I conducted an experiment on Saturday and it worked according to plan – which has left me somewhat dismayed as we try to piece together fact and fiction in search of truth concerning the war in Ukraine.
Bias In The Ukraine War And Why Travel Is Necessary
You see a lot of so-called “clickbait” on Live and Let’s Fly, but it is almost always concerning in-flight disturbances. When it comes to more serious matters, I prefer a less sensational approach. But on Saturday I ran with a story on Russian President Vladimir Putin ordering his family into a bunker amid reports that he had ordered nuclear drills. I also focused on the Russian doomsday plane, a “flying Kremlin” that can support the continuance of government in the event of a nuclear attack. I also cited western intelligence sources that Putin appears to be increasingly unstable.
I wouldn’t call it my Orson Welles moment, but “doomsday plane” is clickbait gold and the post was well-trafficked, as expected. However commenters, some Russian trolls and others more regular readers, noted the sourcing for the story was sketchy. Indeed, it was (even though Putin did oversee nuclear drills last month). And yet give anyone a piece of truth with some potential exaggeration and people are prone to believe it.
I’m not anti-Russian: I wish the Russian people would rise up against their corrupt leader. I question whether harsh sanctions and flight bans do more harm than help, even as I note that any change in Russia must be internal.
But I do have friends and contacts in Ukraine. The war is real. The destruction is real. Many have lost all their material possessions. Families have been separated. There is no evidence that Ukrainians were conducing ethnic cleansing in eastern Ukraine such that a Russian invasion was justified.
Sure, Russian concerns over NATO knocking at its door were not wholly unreasonable. After all, can you imagine Russian forces amassing in Mexico? It would be a no-go for the USA. Yet Ukraine had rejected NATO and was only drawn further West by hostility from Russia. Putin’s paranoia exacerbated tensions greatly, creating ties between Ukraine and the West that otherwise would no have existed prior to the invasion of Crimea in 2014.
And yet I’ve listened and read news over the last few weeks that is overtly pro-Ukraine. That’s propaganda too, even if it happens to support the side I am rooting for. It reminded me of the non-critical early U.S. coverage of the Iraq war.
I had a friend recently who visited Moscow. Western media reported that credit cards no longer worked, but his worked fine.
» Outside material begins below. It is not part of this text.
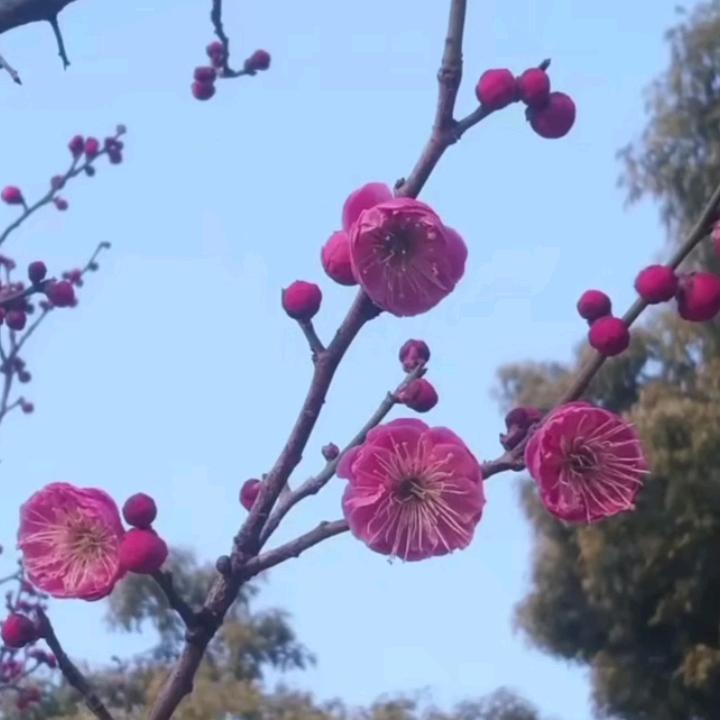 90后经过很多的苦，再苦再累也是靠自己努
Western media reported that the Kremlin had blocked Facebook, but it was not blocked, even without a VPN. Sometimes the West is just as guilty as Moscow in weaving together a narrative that we want rather than the narrative that actually captures the reality that exists. He reported that Moscow was surprisingly calm…as if nothing was out of the ordinary.
We see the destruction in Ukraine – those pictures don’t lie. And it strikes me as beyond belief that Ukraine would destroy its own infrastructure. Thus, placing the blame on Russia for its wanton destruction fully discredits its self-description as liberators.
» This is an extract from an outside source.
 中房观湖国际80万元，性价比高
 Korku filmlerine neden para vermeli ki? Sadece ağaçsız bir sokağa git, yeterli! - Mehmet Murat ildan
And we have seen over and over how dissent is punished in Russia (just ask Alexei Navalny). Putin himself sent a chilling message to dissidents last week:
“Any people, and especially the Russian people, will always be able to distinguish the true patriots from the scum and the traitors, and just to spit them out like a midge that accidentally flew into their mouths.”
But even so, let’s not give up on questioning news and performing our own due diligence.
Travel remains as important as ever in breaking down barriers and better understanding people. Indeed, travel would give me a better understanding of the situation in Ukraine – something I desperately seek. More broadly, travel might show Russians that the Kremlin is lying about “nazi” behavior in Ukraine but also show us here in the West that most Russians are just trying to survive like we are.
Is Putin considering using nuclear weapons? I think that’s reasonable considering some of his recent statements. I’d also like to think he is still a rational actor and that if he does go crazy, an internal coup will stop him from destroying the world. But I’ve come to realize that as repugnant as I find Putin, we’re often getting sensationalized propaganda fed to us as well. That’s regrettable. That’s why I travel – I want to see things for myself.